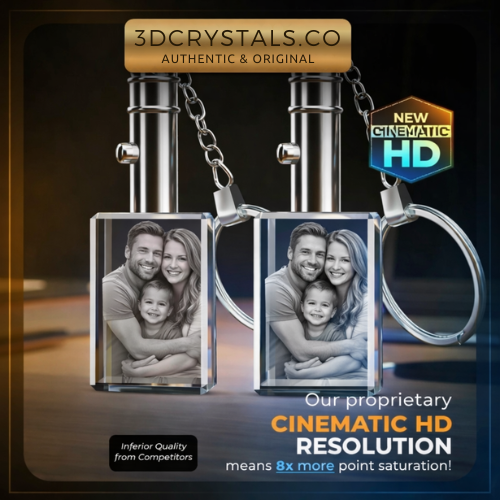 Keychain Combo Sale — Limited Time Offer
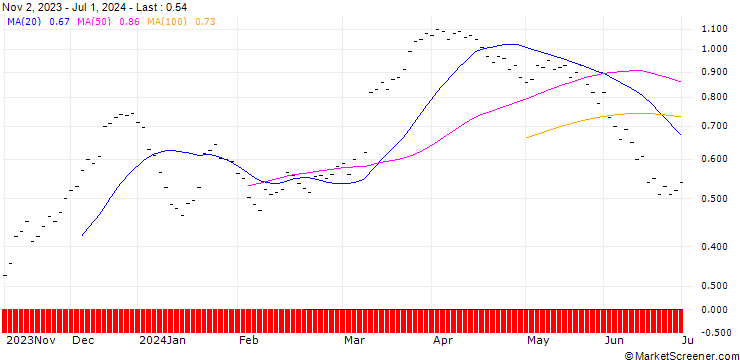 Chart JB/CALL/AUTONEUM H/110/0.02/20.12.24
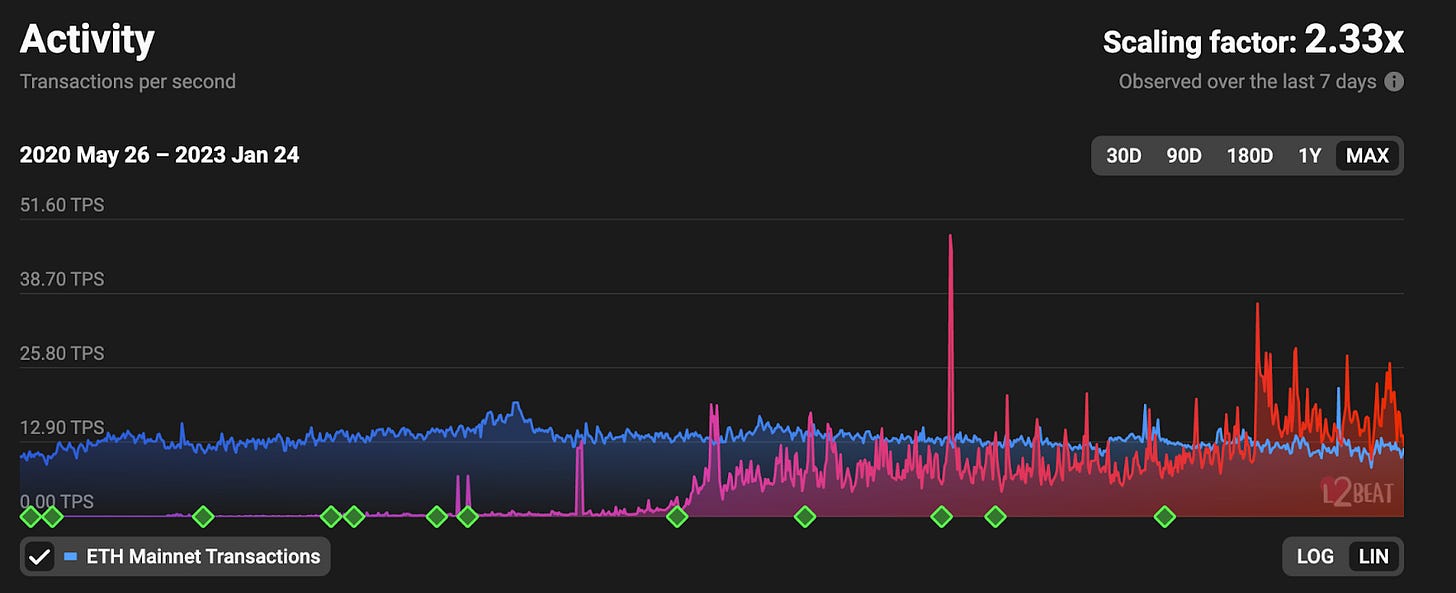 Arbitrumの現状と注目プロジェクト - Bankless JAPAN
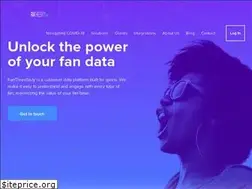 Sites similar to fanthreesixty.com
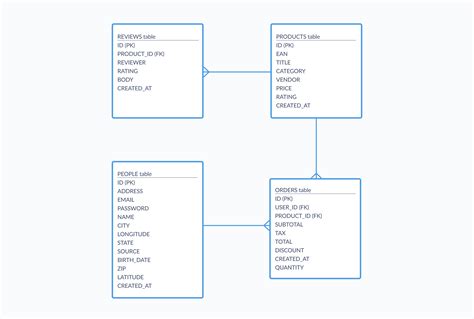 Creating a table-based database in Excel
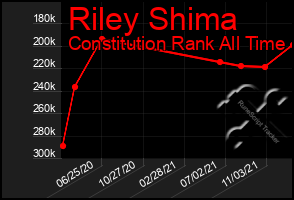 Total Graph of Riley Shima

● ● ●

What this task involves: Your reply should hold exactly the lines from the line containing "Chart JB/CALL/AUTONEUM H/110/0.02/20.12.24" through the final line of the listing, and none of the pictures.

Answer:
 Chart JB/CALL/AUTONEUM H/110/0.02/20.12.24
 Arbitrumの現状と注目プロジェクト - Bankless JAPAN
 Sites similar to fanthreesixty.com
 Creating a table-based database in Excel
 Total Graph of Riley Shima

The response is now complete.